BISMARCK, N.D. (AP) – A deadly arctic deep freeze enveloped the Midwest, forcing widespread closure of schools, offices and prompting the U.S. Postal Service to take the rare step of suspending mail delivery to a wide swath of the region because of the cold.
Many normal activities shut down and residents huddled inside as the National Weather Service forecast plunging temperatures from one of the coldest air masses in years. The bitter cold is the result of a split in the polar vortex that allowed temperatures to plunge much further south than normal.
Officials throughout the region were focused on protecting vulnerable people from the cold, including the homeless, seniors and those living in substandard housing.
Some buses were turned into mobile warming shelters to encourage the homeless to come off the streets in Chicago, where the forecast for Wednesday night called for temperatures as low as minus 21 degrees (negative 29 degrees Celsius), with wind chills to minus 40 (negative 40 degrees Celsius).
Major Chicago attractions including the Lincoln Park Zoo, Art Institute and Field Museum weren’t opening Wednesday. Governors in Illinois, Wisconsin and Michigan declared emergencies as the worst of the cold threatened on Wednesday.

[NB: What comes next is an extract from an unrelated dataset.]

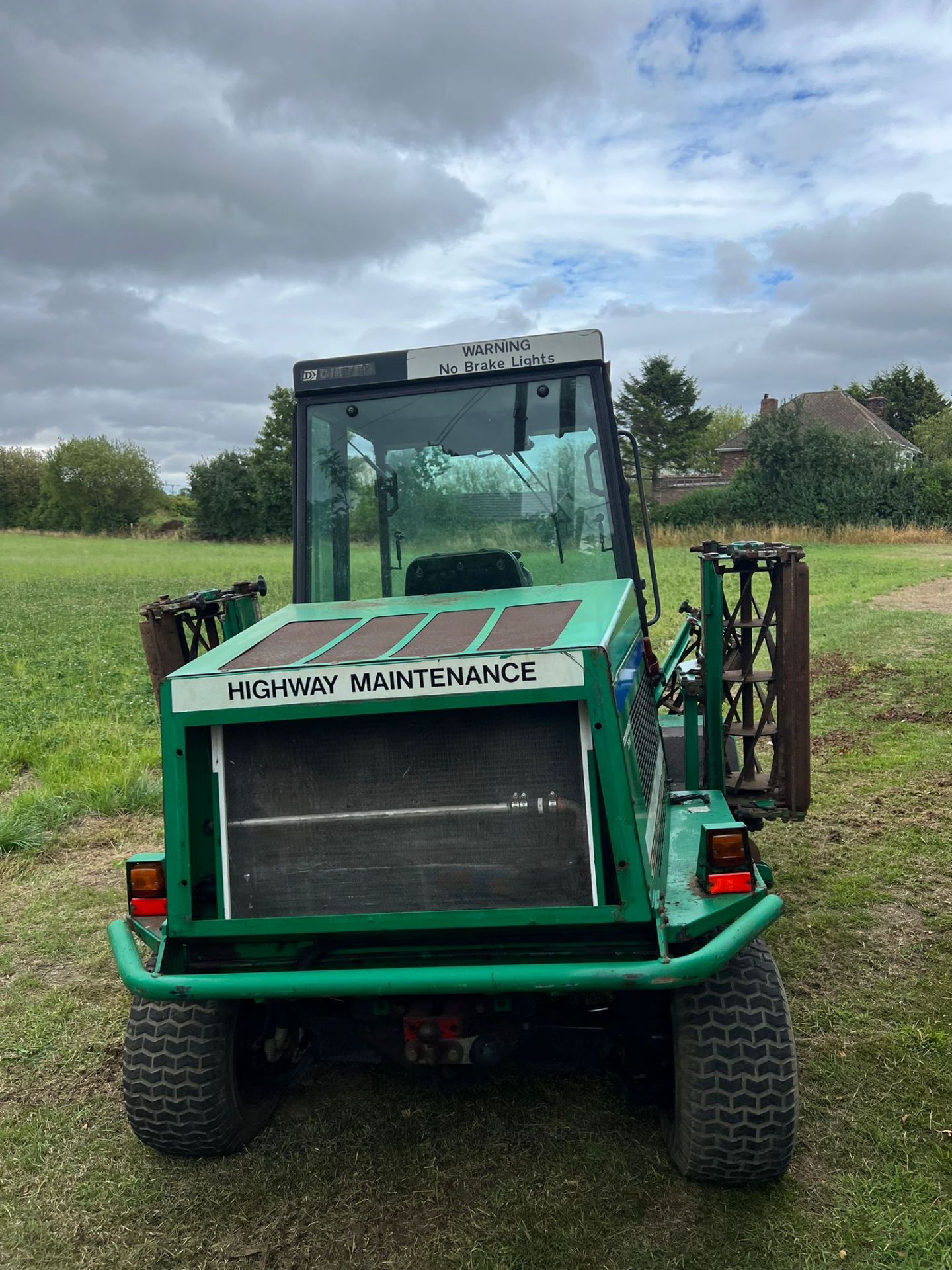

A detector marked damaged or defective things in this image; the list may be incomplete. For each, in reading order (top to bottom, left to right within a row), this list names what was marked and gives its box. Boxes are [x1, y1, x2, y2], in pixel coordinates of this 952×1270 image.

rusty panel stripe [223, 617, 358, 670]
rusty panel stripe [309, 614, 424, 665]
rusty panel stripe [393, 609, 495, 660]
rusty panel stripe [477, 599, 581, 650]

“These (conditions) are actually a public health risk and you need to treat it appropriately,” Chicago Mayor Rahm Emanuel said Tuesday. “They are life-threatening conditions and temperatures.”
A wind chill of minus 25 (negative 32 degrees Celsius) can freeze skin within 15 minutes, according to the National Weather Service.

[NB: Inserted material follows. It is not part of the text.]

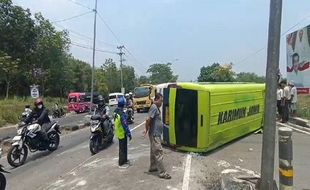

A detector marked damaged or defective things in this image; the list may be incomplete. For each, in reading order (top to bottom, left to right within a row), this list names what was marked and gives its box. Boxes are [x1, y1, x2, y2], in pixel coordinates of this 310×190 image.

overturned green bus [161, 83, 266, 153]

In Michigan, homeless shelters in Lansing were becoming “overloaded,” Mayor Andy Schor said. They also were filling up in Detroit.
“People don’t want to be out there right now,” said Brennan Ellis, 53, who is staying at the Detroit Rescue Mission Ministries.

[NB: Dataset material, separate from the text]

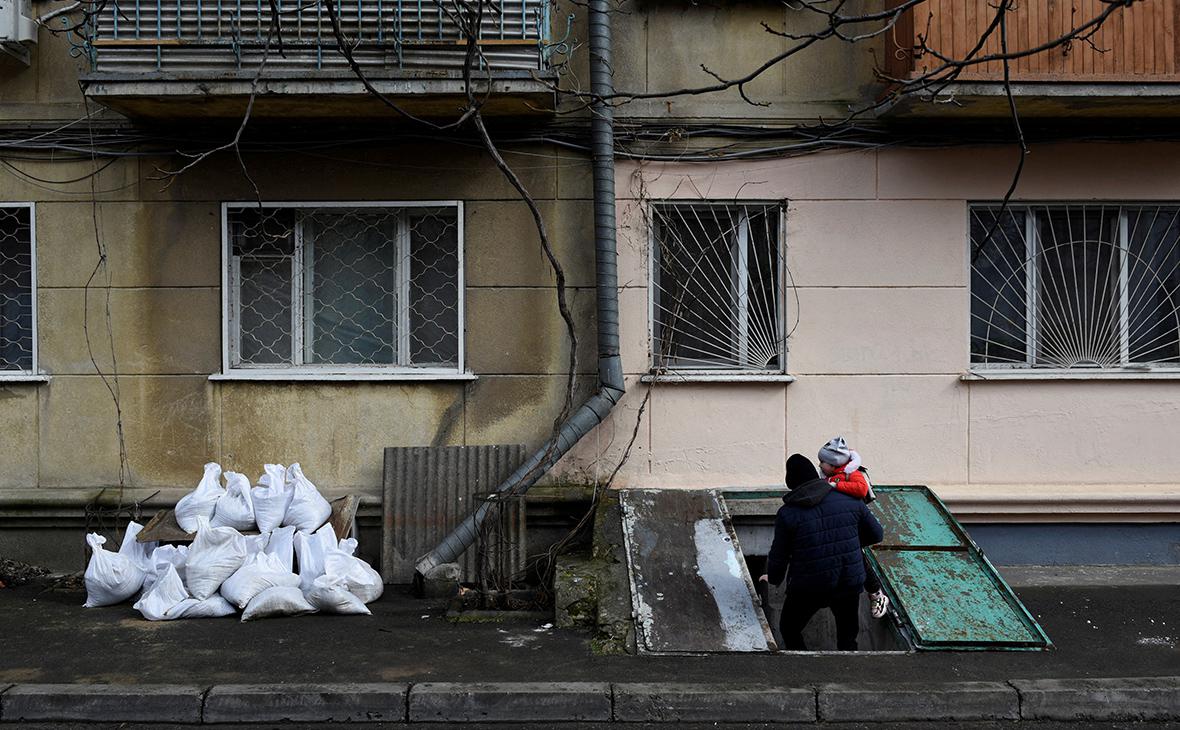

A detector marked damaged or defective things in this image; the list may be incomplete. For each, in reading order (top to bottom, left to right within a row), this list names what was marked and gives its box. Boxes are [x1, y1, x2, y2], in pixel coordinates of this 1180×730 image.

rusty metal panel [382, 443, 526, 584]
rusty metal panel [618, 488, 774, 655]
rusty metal panel [868, 485, 1052, 650]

Detroit’s outlook was for Wednesday overnight lows around minus 12 (negative 24 degrees Celsius), with wind chills dropping to minus 35 (negative 37 degrees Celsius).
At least four deaths were linked to the weather system Tuesday, including a man struck and killed by a snow plow in the Chicago area, a young couple whose SUV struck another on a snowy road in northern Indiana and a Milwaukee man found frozen to death in a garage.
A popular saying goes: “Neither snow nor rain nor heat …” will stop the mail from being delivered. But extreme cold will on Wednesday.